HISTORY 135F

Infectious and Epidemic Disease in History

Department of History
University of California, Irvine
 Instructor:    Dr. Barbara J. Becker

Lecture 17.  Polio.

Recorded instances of probable polio before the 20th century:
Treatise on Diseases of Children (1789) by London physician, Michael Underwood (1737-1820)
Paralysis "usually attacks children previously reduced by fever; seldom those under one, or more than four or five years old....  [W]hen both [legs] have been paralyzed, nothing seems to do any good but irons [braces] to the legs, for the support of the limbs, and enabling the patient to walk."
Sir Walter Scott (1771-1832):
[At the age of 18 months, I] "was discovered to be affected with the fever....  On the fourth [day]... I had lost the power of my right leg....  The impatience of a child soon inclined me to struggle with my infirmity, and I began by degrees to stand, to walk, and to run.  Although the limb affected was much shrunk and contracted, my general health ... was much strengthened by being frequently in the open air...."

1840: German orthopedist, Jacob von Heine, localized polio's pathology to the spinal cord
Outbreaks (10-20 cases each) in:
1883:
1885:
1886:

Italy
France
Germany

1887: Stockholm, Sweden (44 cases)
1892: Russian botanist, Dmitri Ivanovsky (1864-1920) discovers "filterable viruses":  disease-producing agents so small they can pass through pores of earthen filters

The poliovirus magnified 65,000 times.
Outbreaks in:
1893: Boston (26 cases)
1894: Rutland, Vermont (132 cases)
  • small town; only a few thousand inhabitants
  • most cases border the banks of local creek
  • suggests polio germ is water-borne
1905: Sweden--outbreak affects over 1000 children
1908: Karl Landsteiner and E. Popper inject spinal cord tissue from polio victim into monkeys which produces polio lesions; this discovery makes it possible for researchers to conduct laboratory experiments on the disease.
1916: New York City (9,000 cases)

A New York mother carries her stricken child to a waiting hospital transport.

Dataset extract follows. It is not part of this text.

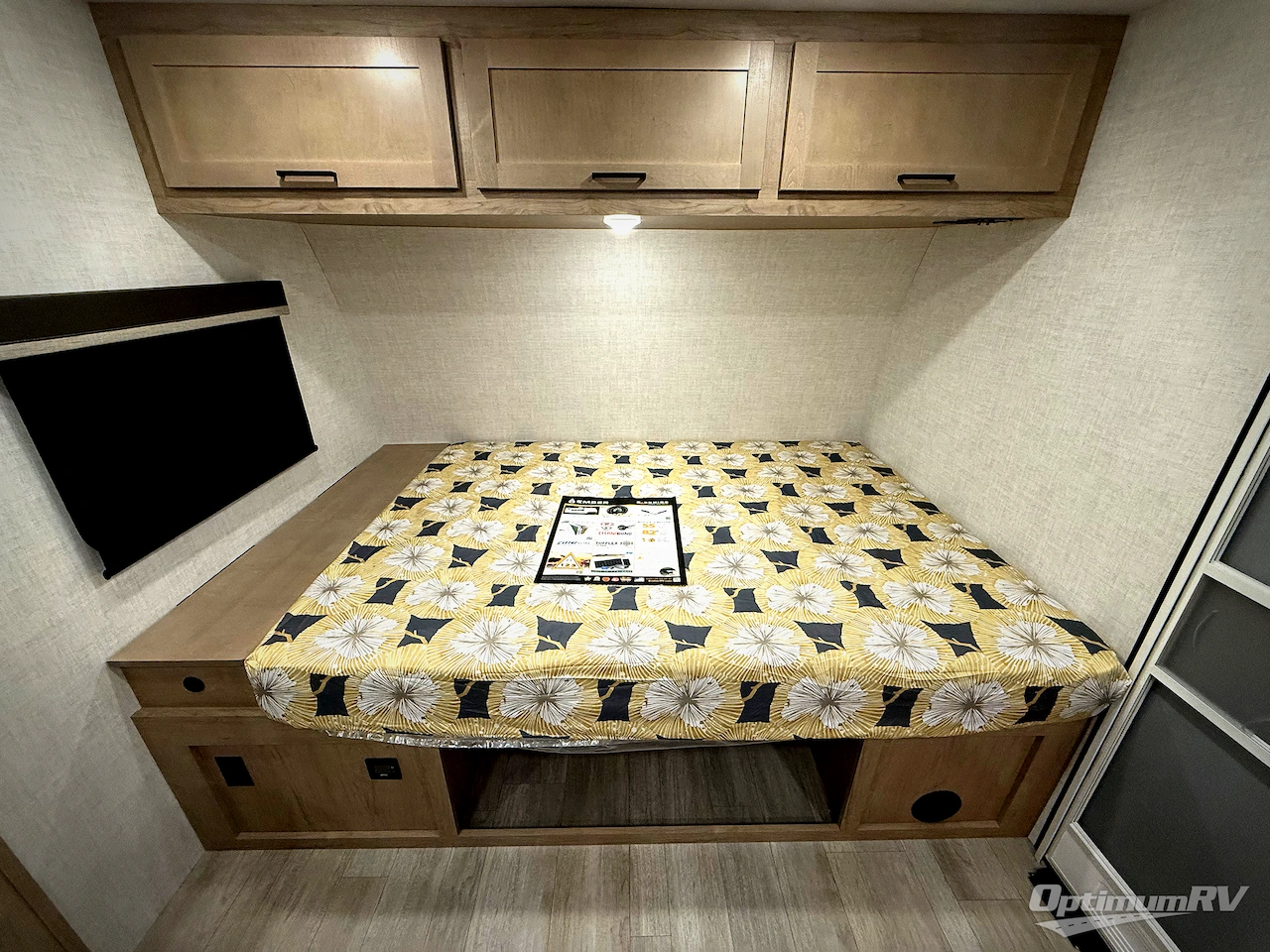 2026 Ember E-Series 19ETS Photo 6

Mothers and children with the means to do so, flee New York and polio.

Travelers were required to carry a health certificate.
Simon Flexner (1891-1946)
director of the Rockefeller Institute
Haven Emerson (1874-1957)
New York City health commissioner
Leaflet distributed by the New York City health department during the polio epidemic, 1916.
Flies as possible polio vectors.

From Newark Evening News, June 1916.
 

Preventing the spread of polio in hospital with glass partitions.
Withdrawing blood from a donor for polio serum, August 1916.

The crippling effects of polio.

Infantile paralysis, by Eadweard Muybridge (1830-1904)

Protecting the public.

Franklin Delano Roosevelt (1882-1945)

Roosevelt contracted polio while vacationing at his family retreat on the Bay of Fundy in August 1921.  Few Americans were aware of the extent of his physical disability.  His public appearances were carefully orchestrated so that he would not be seen in a wheelchair (the photo on the left is one of the few ever taken) or walking with a cane (the photo above illustrates the challenges he faced getting into and out of vehicles). 
Roosevelt was an ardent supporter of medical research on the prevention and treatment of polio.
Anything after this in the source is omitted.